購入する建物が中古物件であるときには、最低、次のような項目についても注意を払いたいものです。
- 建物の築年数は何年か。
- 雨漏り、白アリなどの跡はないか。
- 違反建築になってないか(増築、改築により違反建築になっていないか。
- 建築基準法上、再建築は可能か(建築確認の検査済証がなかったり、建築後に増改築している場合、建て替えに支障のある場合がある)。
- 敷地内に、不自然な枡(ます)やマンホールはないか(他人の排水管や農業用水路などが敷地内に敷設されている可能性がある)。
- 契約不適合責任(契約時にはわからなかったが、引渡しを受けてからわかる欠陥の責任を売主が負うもの)の期間。→契約不適合責任参照
- 現状有姿の範囲は(照明器具、冷暖房器具、植木などはどうなるのか、付帯設備一覧表により確認する)。
参考:付帯設備一覧表(一般財団法人不動産適正取引推進機構作成)(外部サイトへリンク)
登記を調べる
“不動産を買うことは、登記を買うこと”と言われるくらい登記は重要ですので、かならず契約前に購入者自ら登記記録や公図等を閲覧しましょう。
(調査方法)
- 調べようとする物件を管轄する法務局(→関係官公庁・各種団体連絡先参照)の登記記録(登記簿)で調査しましょう。不動産の登記記録は、誰でも手数料を払えば、閲覧したり、登記事項証明書等を交付してもらうことができます。
さらに、公図(土地の地図台帳)も閲覧できますので、道路の状況、隣地との関係なども確認しましょう。 - 土地なら正確な所在・地番を、建物登記なら正確な家屋番号まで判明していないと閲覧できません。

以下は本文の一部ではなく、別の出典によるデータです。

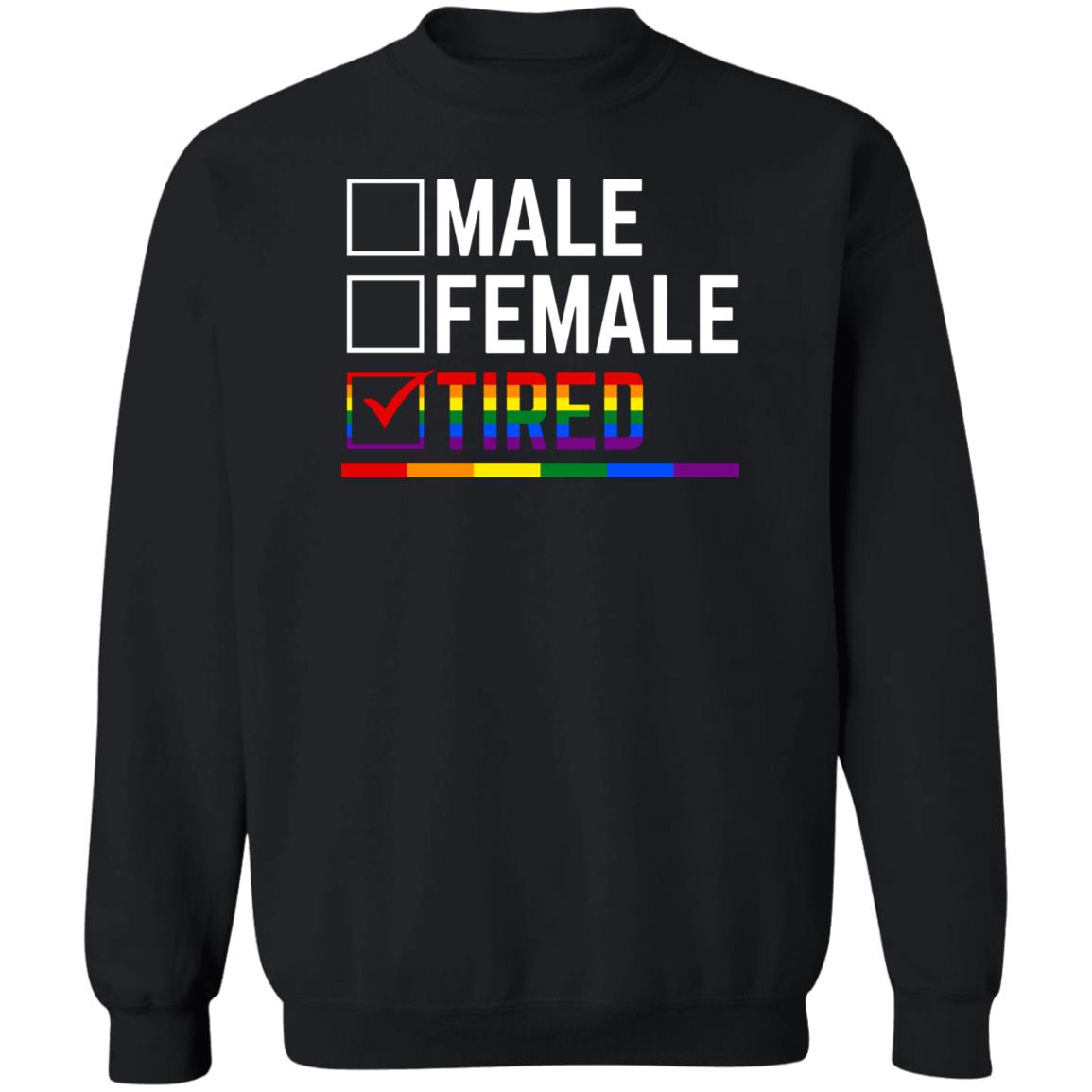 LGBT Tired Pride Shirt, Hoodie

所在地の表示の仕方には、登記記録上の地番と住居表示番号の2種類がありますが、登記の記録を閲覧する際には、まず地番を調べてから行いましょう。(法務局に備え付けられているブルーマップ等で地番を確認する方法もあります。) - 不動産登記記録には、土地登記記録と建物登記記録の2つがあり、各々登記用紙は、「表題部」、「権利部(甲区)」、「権利部(乙区)」に分かれています。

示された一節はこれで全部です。